U.S. Food Supplier Weighs Appeal After China Court Jails Workers

  • Two Chinese OSI units found guilty of selling out-of-date meat
  • Company says verdict follows `smear campaign' by state media

OSI Group LLC, the U.S. food company run by banker-turned-burger tycoon Sheldon Lavin, said it’s considering an appeal after a Shanghai court found two of its Chinese units guilty of selling out-of-date products and jailed 10 workers.

There was “ample evidence” that Shanghai Husi Foods Ltd., Hebei Husi Foods Ltd. and the 10 employees intentionally passed off disqualified products as being acceptable, the Jiading district court said in a statement on its official microblog. Each unit was fined 1.2 million yuan ($182,000).

The court concluded the trial on Dec. 30, more than a year after Chinese television channel Dragon TV reported workers were repackaging and selling expired chicken and beef. The ensuing outcry prompted fast-food chains in China and Japan, including McDonald’s Corp. and Yum Brands Inc.-owned KFC, to halt supplies from OSI’s Chinese units. It’s one of several widely publicized food safety scares in recent years in China, where consumers have become increasingly concerned about standards.

The conclusion of the trial came after a “harmful smear campaign” by Dragon TV, controlled by state-owned Shanghai Media Group, closely held OSI said Monday in an e-mailed statement. The outcome is “unjust” and conflicts with facts presented in court, and OSI is weighing an appeal to seek “a just, evidence-based verdict," it said.

‘Sensationalized Reports’

“We have made every effort to follow firm instructions to silently co-operate on the advice it would lead to a fair conclusion,” the Aurora, Illinois-based company said. “However, we can no longer accept injustices against our people and our reputation.”

Yang Liqun, an Australian citizen who was a general manager for OSI in China, was given the heaviest sentence of three years in jail, a 100,000-yuan fine, and will be deported, according to the statement from the court. The other nine were sentenced to jail terms of 19 to 32 months, of whom four were given reprieves.

Lawyers at MWE China Law Offices, representing OSI, couldn’t be immediately reached for comment. In a statement, Australia’s Department of Foreign Affairs and Trade said it’s providing consular assistant to an Australian arrested in Shanghai and declined to give further comment.

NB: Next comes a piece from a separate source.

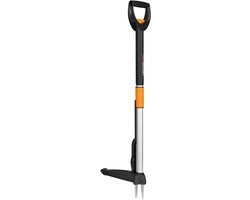 Stecchiere onkruid automatici - lunghezza 1 - 1.2 m - braccia in acciaio inossidabile/manopola in plastica - nero/arancione - 1077306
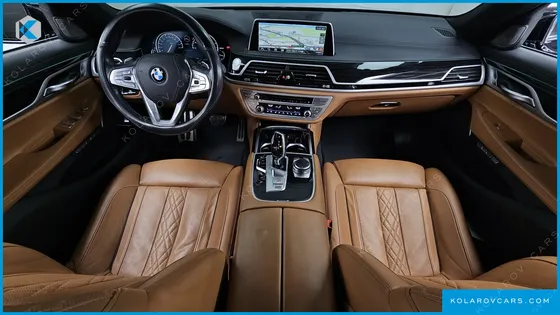 BMW 7 SERIES 740LD XDRIVE M SPORT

OSI said “sensationalized media reports” from Dragon TV spurred a raid by Chinese authorities on the Shanghai Husi plant in July 2014. The accusations Dragon TV made were false and incomplete, OSI said. The company will consider pursuing a lawsuit against Dragon TV for hurting its reputation and business operations, OSI said.

Repackaged Meat

Shanghai Media Group’s spokesman couldn’t be reached immediately at his office number.

The Shanghai court said that in 2013 and 2014, the two OSI units found themselves with a surplus of meat because customers were returning and canceling orders that weren’t up to standard. Yang and the others decided to repackage the product and sell it to other customers to avoid losses, the court said.

The court cited several examples of the companies’ transgressions, including an instance in March 2013 where Hubei Husi workers repackaged beef steaks that were previously defrosted and treated, adding new 180-day “best before” dates before they were resold, the court said.

Workers were also directed to reprocess expired beef steaks into mini beef steaks and package them with new sell-by dates, according to the court. Other products similarly repackaged included meat pies, and chicken breasts, the court said.

“OSI has been doing business in China for more than 25 years and maintains the highest standard of food safety in the industry,” OSI said. “We will continue to do so in our current operations, as well as seek a reexamination of the facts in the Shanghai and Hebei Husi Foods case.”